◆ TASK PROMPT
All lines from the one containing "ai robot holding" to the end of the listing below should be output exactly; omit the pictures.

◆ THE RECORDS

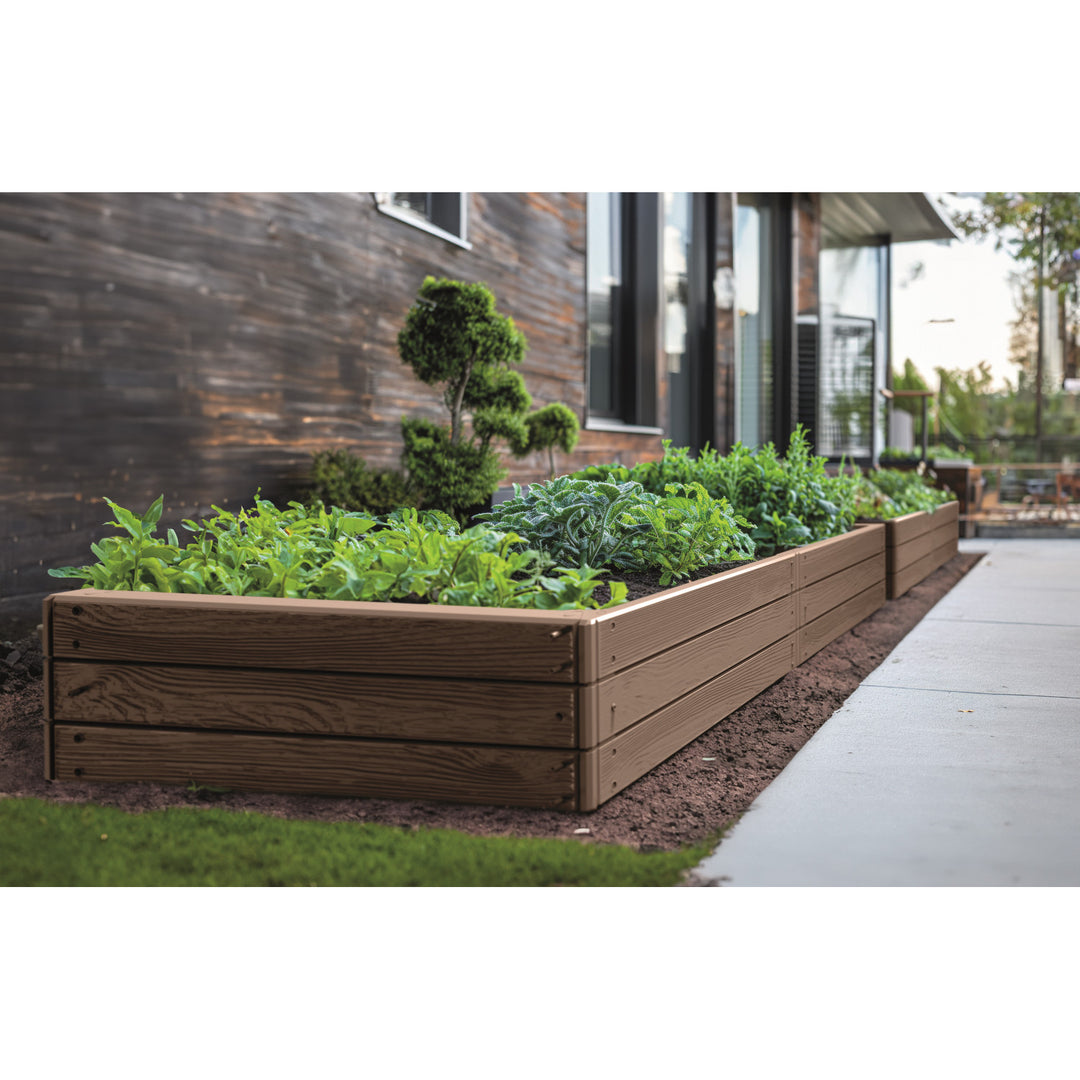 Bordură de grădină Prosperplast Base Woody, 149x75 cm, rezistentă la intemperii, structură modulară, culoare maro, IBWR-7587U
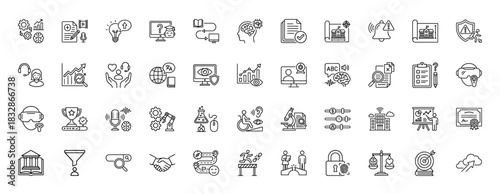 Education and learning line icon set. vector pictograms of research, knowledge, technology, and success, thin linear illustration.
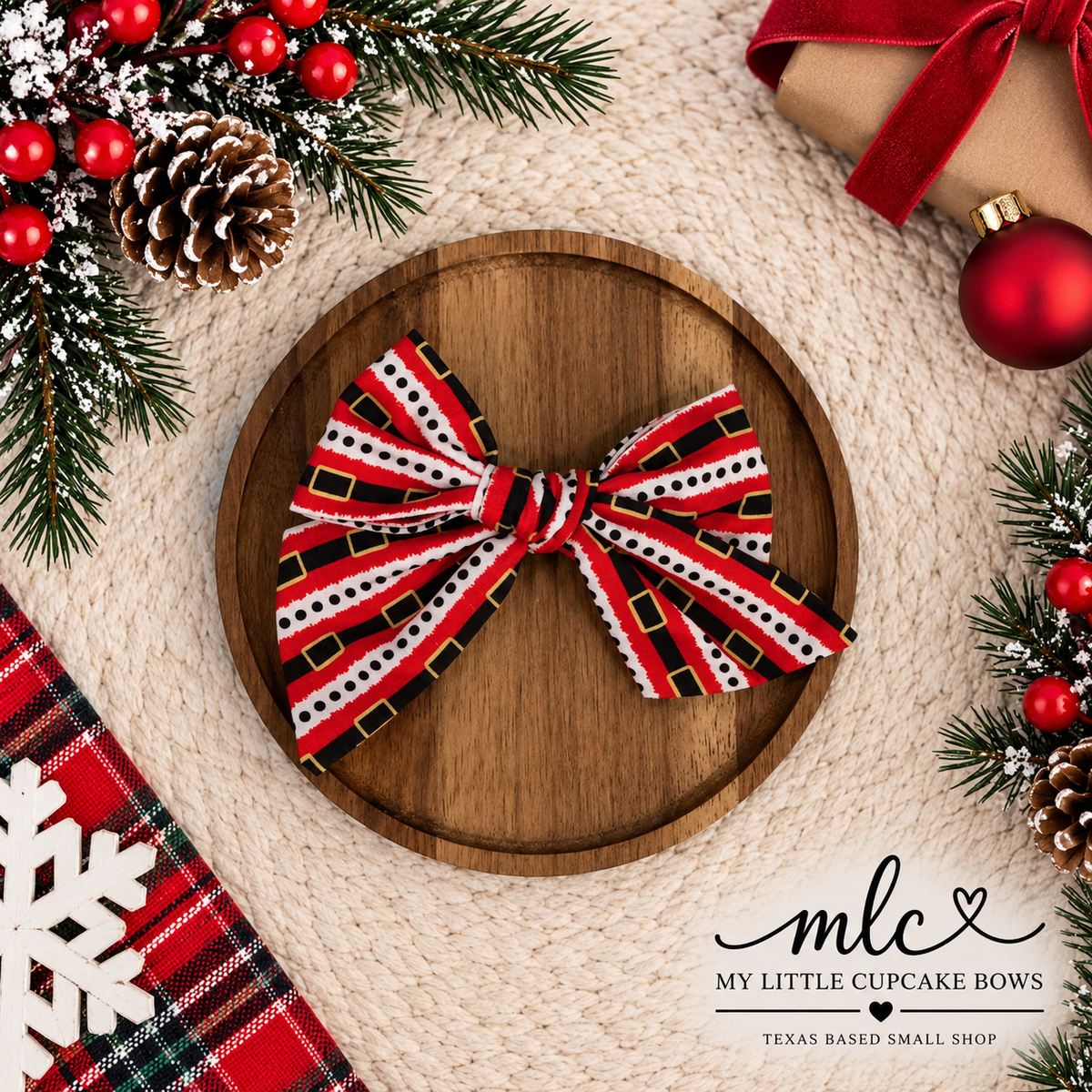 Santa Belt Hand Tied Bow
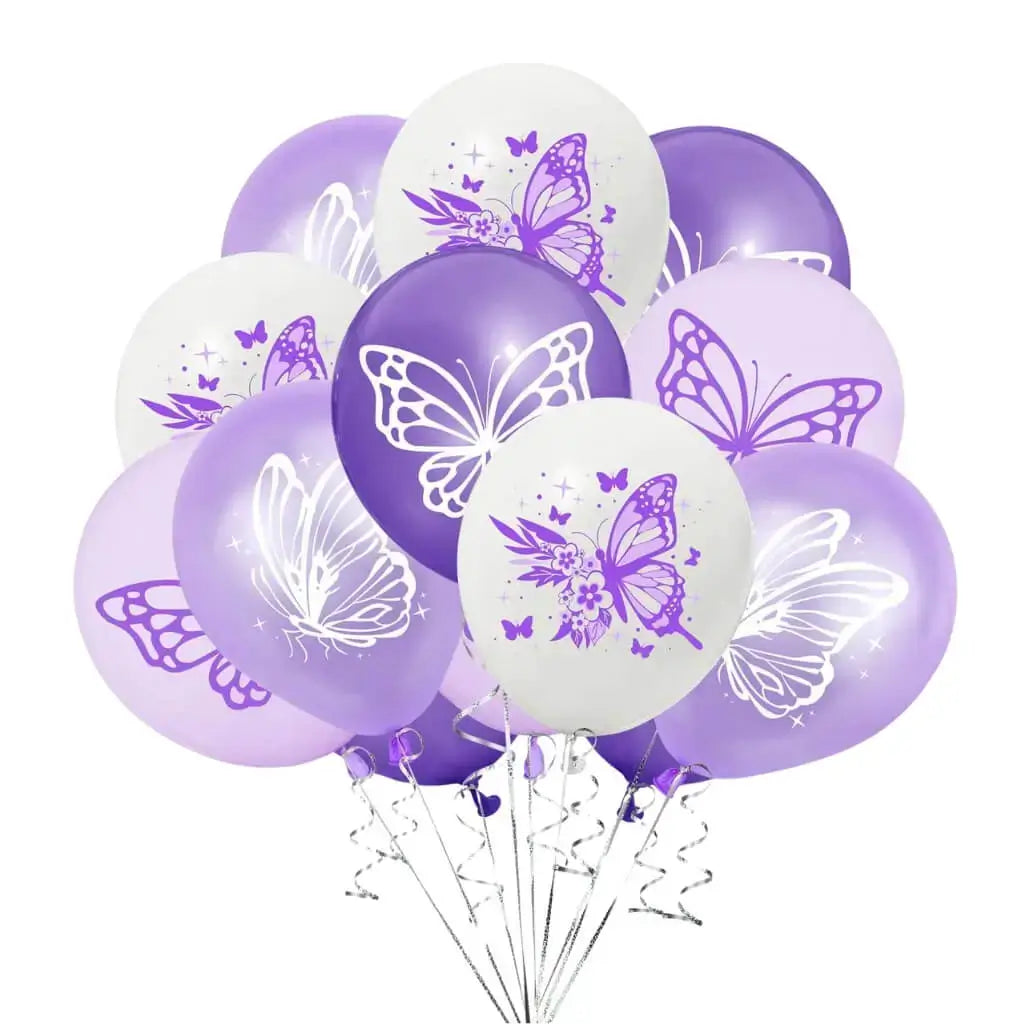 12-inch Purple White Butterfly Latex Balloon Bouquet 10pk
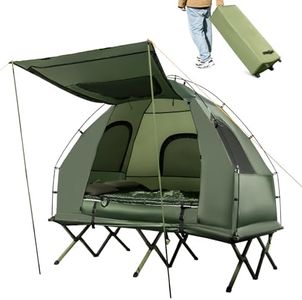 Costway 2-Person Outdoor Camping Tent Cot, Foldable Camping Tent with Air Mattress & Sleeping Bag, Waterproof Elevated Camping Tent with Carry Bag, Portable Camping Tent Cot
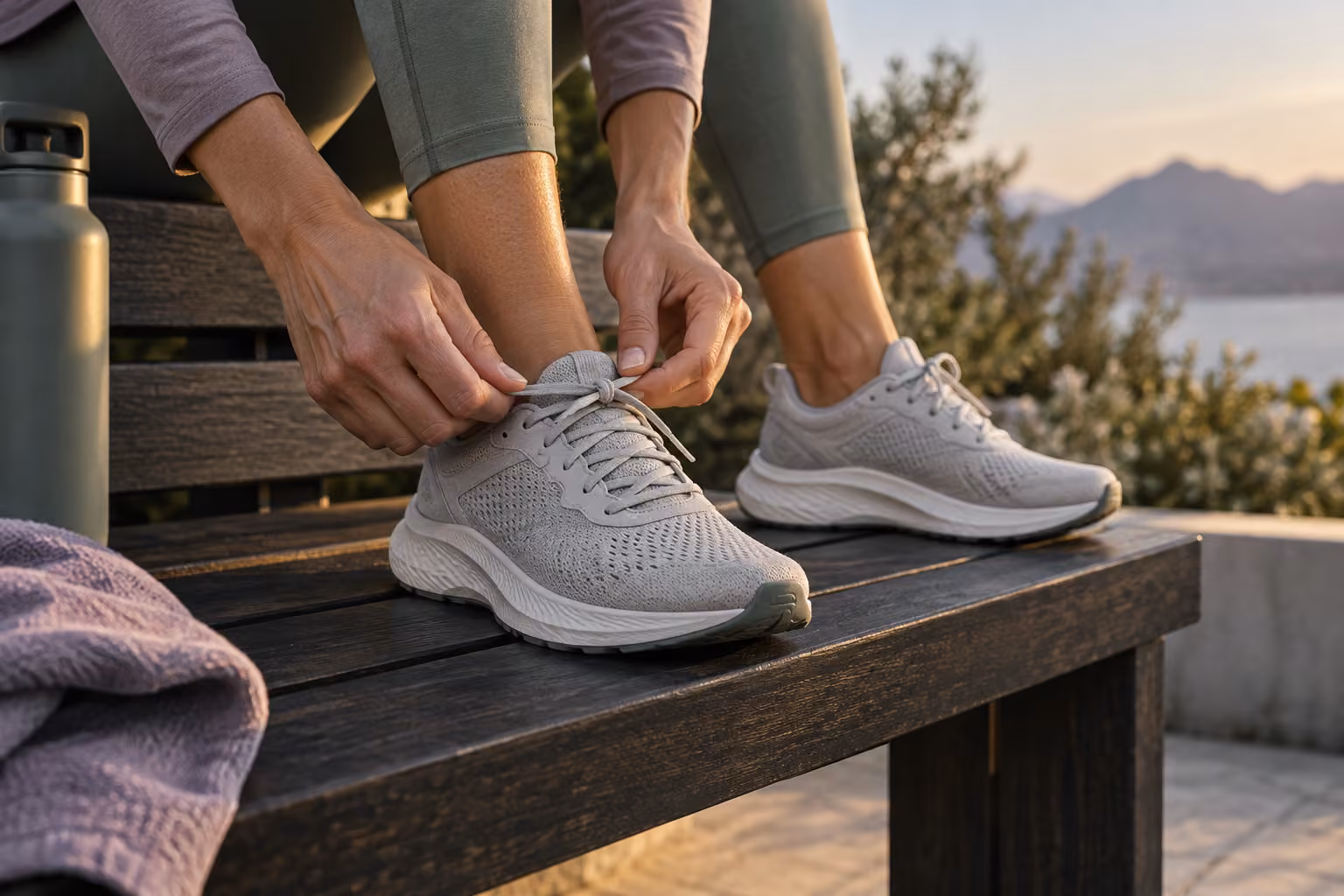 Tying running shoes before a workout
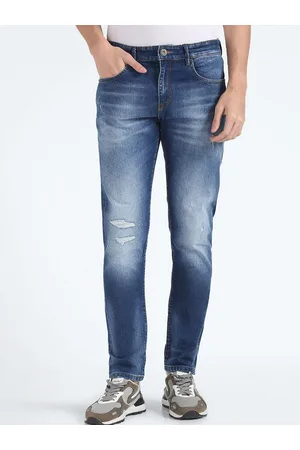 Flying Machine Men Straight Fit Mid-Rise Mildly Distressed Ripped Jeans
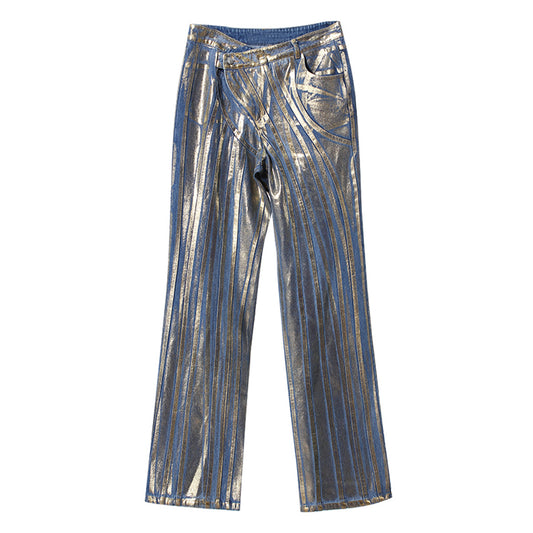 Gilding Jeans Slant Buckle Waist Stitching Strip Brush Silver Powder Craft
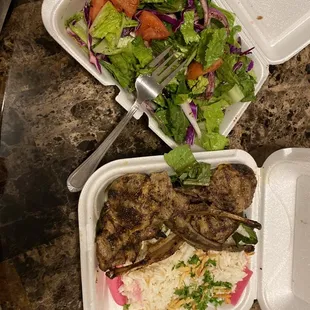 Lamp Chops w/rice and House Salad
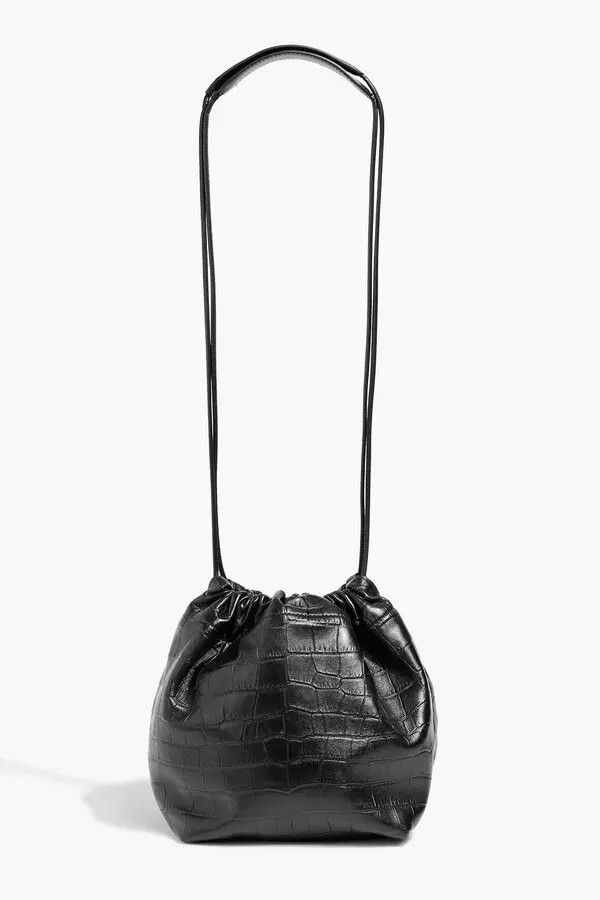 Jil Sander o1loc1c0426 Size:OS/Croc-Effect Leather Bucket Bag in Black Size ONE SIZE - 1 Thumbnail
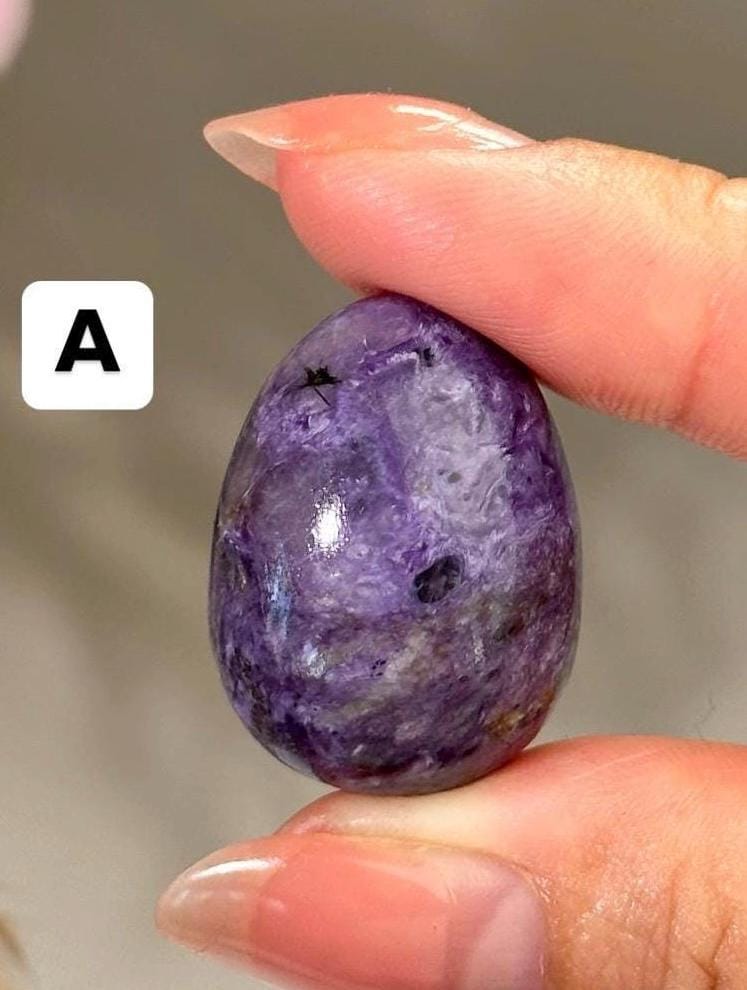 Cute Charoite Egg Palmstone High Quality Purple Charoite Pocket Stone from Russia Crystal Egg for Gifting and Meditation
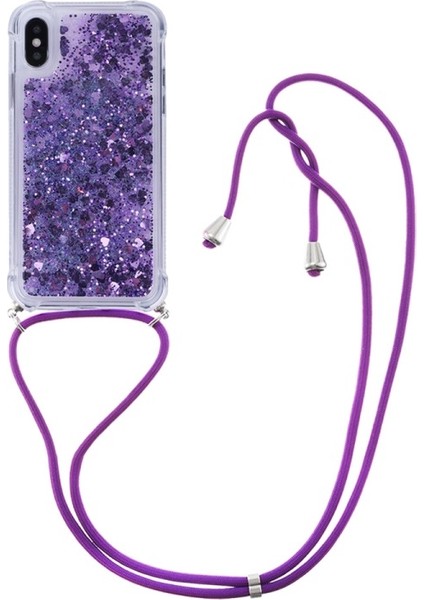 Glitter Quicksand Yumuşak Tpu Telefon Kılıfı Anti-Kayıp Ipi iphone x / Xs - Koyu Mor Kalpler (Yurt Dışından)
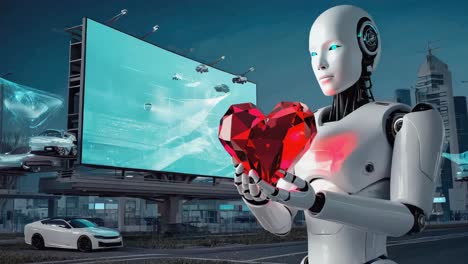 ai robot holding a digital heart in a futuristic city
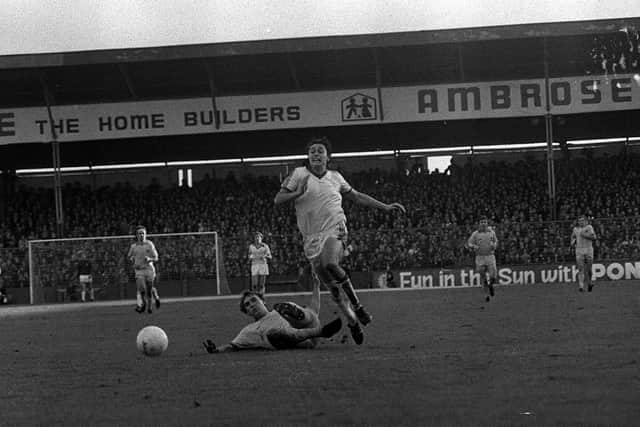 Preston North End striker Michael Robinson in action against Burnley in 1978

◆ SOLUTION TO THE PROBLEM
 ai robot holding a digital heart in a futuristic city
 Preston North End striker Michael Robinson in action against Burnley in 1978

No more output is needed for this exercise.